Erstpflegemaßnahmen zur Revitalisierung der Streuobstwiese bei Lohma

Streuobstwiesen sind wertvoller Bestandteil einer artenreichen Kulturlandschaft. Insbesondere in der weitgehend strukturarmen und ausgeräumten Ackerlandschaft des Altenburger Landes stellen sie Inseln der Biodiversität dar. Hochstämmige Altbäume mit ihren vielfältigen Habitatstrukturen bieten für besonders und streng geschützte Tierarten, wie Steinkauz (Athene noctua), Wendehals (Jynx torquilla), Haselmaus (Muscardinus avellanarius), Fledermäusen, mulmbewohnende Käferarten  – z.B. Eremit (Osmoderma eremita) essentielle Fortpflanzungs- und Ruhestätten. Außerdem dienen die alten Hochstämme am Wiesenrand im Übergang zu angrenzenden Ackerflächen als Ansitzwarte für Greifvögel.

In ihrer Kombination von Gehölzen und artenreichem Grünland fungieren Streuobstwiesen als Habitat für bis zu 5.000 Arten, was sie zu einem Hotspot der Biodiversität in unserer Kulturlandschaft macht. Der Erhalt und die Pflege dieser Biotope leisten einen wertvollen Beitrag zum Artenschutz.

Am westlichen Ortsrand von Lohma befindet sich mit 7,2ha Fläche eine der größten Streuobstwiesen im Altenburger Land, welche jedoch durch eine ausbleibende wirtschaftliche Nutzung und damit eine unterlassene Pflege stark bedroht ist. Bei den meisten der alten hochstämmigen Obstbäume, ist ein hoher Überalterungsgrad und schlechter Vitalitäts- und Stabilitätszustand festzustellen. Regelmäßige Starkastausbrüche und das Umbrechen von Altbäumen führen zu einem Strukturverlust des Habitates.

Durch einen gezielten, fachgerechten Gehölzschnitt und eine Auffüllung der entstandenen Lücken mit Neupflanzungen, soll die Streuobstwiese dauerhaft und nachhaltig gesichert werden. Eine Schautafel informiert künftig über die Besonderheit der Streuobstwiese als wertvolles Biotop und die traditionelle Obstbaukultur im Altenburger Land.

 

 

Zielarten: Wendehals (Jynx torquilla), Haselmaus (Muscardinus avellanarius), Eremit (Osmoderma eremita)

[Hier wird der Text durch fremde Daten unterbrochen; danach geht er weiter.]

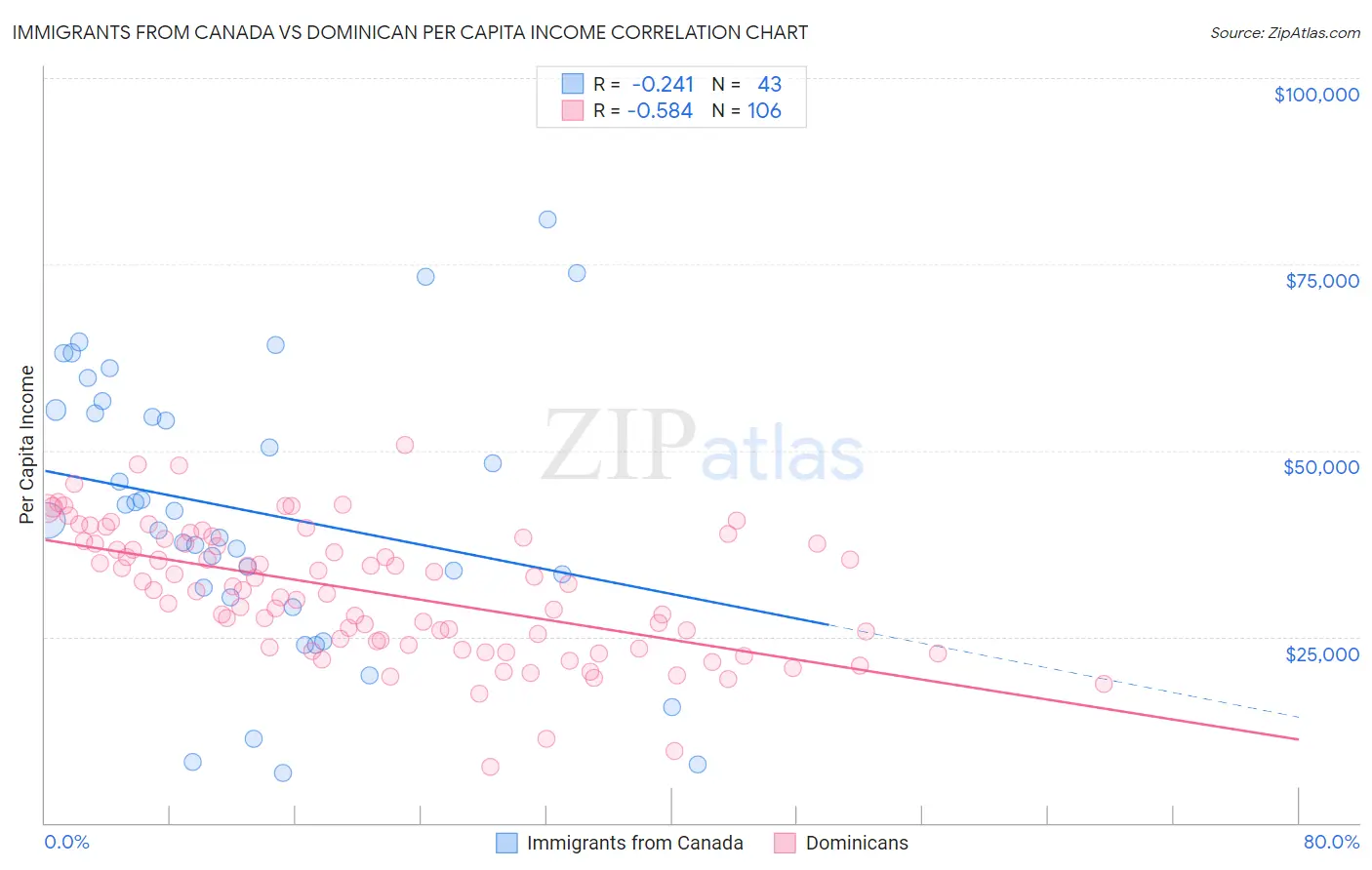 Immigrants from Canada vs Dominican Per Capita Income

Laufzeit: 08/2020 – 02/2023

Kosten: 189.342,09 €

Finanzierung: NALAP, GAK (100%)

ProjektbearbeiterIn: Tobias Eggert

Dieses Projekt wurde über das Programm zur „Förderung von Maßnahmen des Naturschutzes und der Landschaftspflege in Thüringen (NALAP)“ sowie aus Mitteln der Gemeinschaftsaufgabe zur „Verbesserung der Agrarstruktur und des Küstenschutzes (GAK)“ gefördert.